**GIVEN MATERIAL**
□ □ □

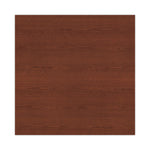 Alera Valencia Series Bookcase, Six-Shelf, 31.75w x 14d x 80.25h, Medium Cherry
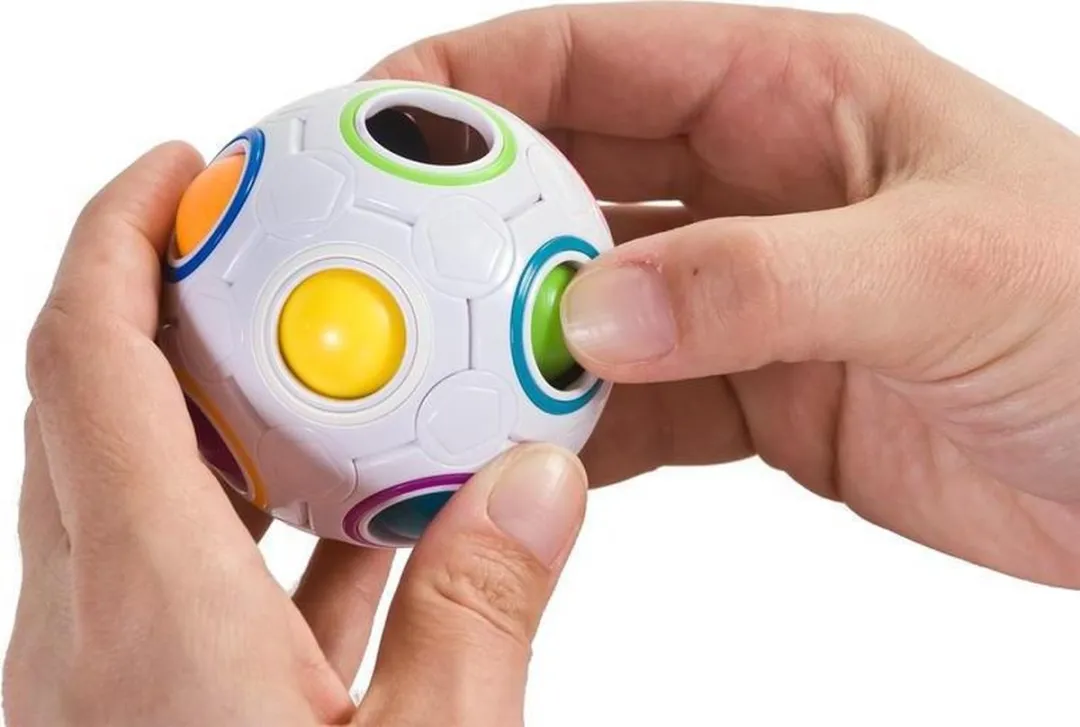Clown Games Rainbow Ball - 0896142 - afbeelding 6 van 6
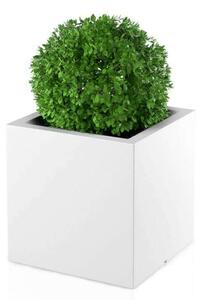 Designerska donica monumo pixel pot biała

□ □ □

Print the entire listing above verbatim. No picture should be included.

 Alera Valencia Series Bookcase, Six-Shelf, 31.75w x 14d x 80.25h, Medium Cherry
Clown Games Rainbow Ball - 0896142 - afbeelding 6 van 6
 Designerska donica monumo pixel pot biała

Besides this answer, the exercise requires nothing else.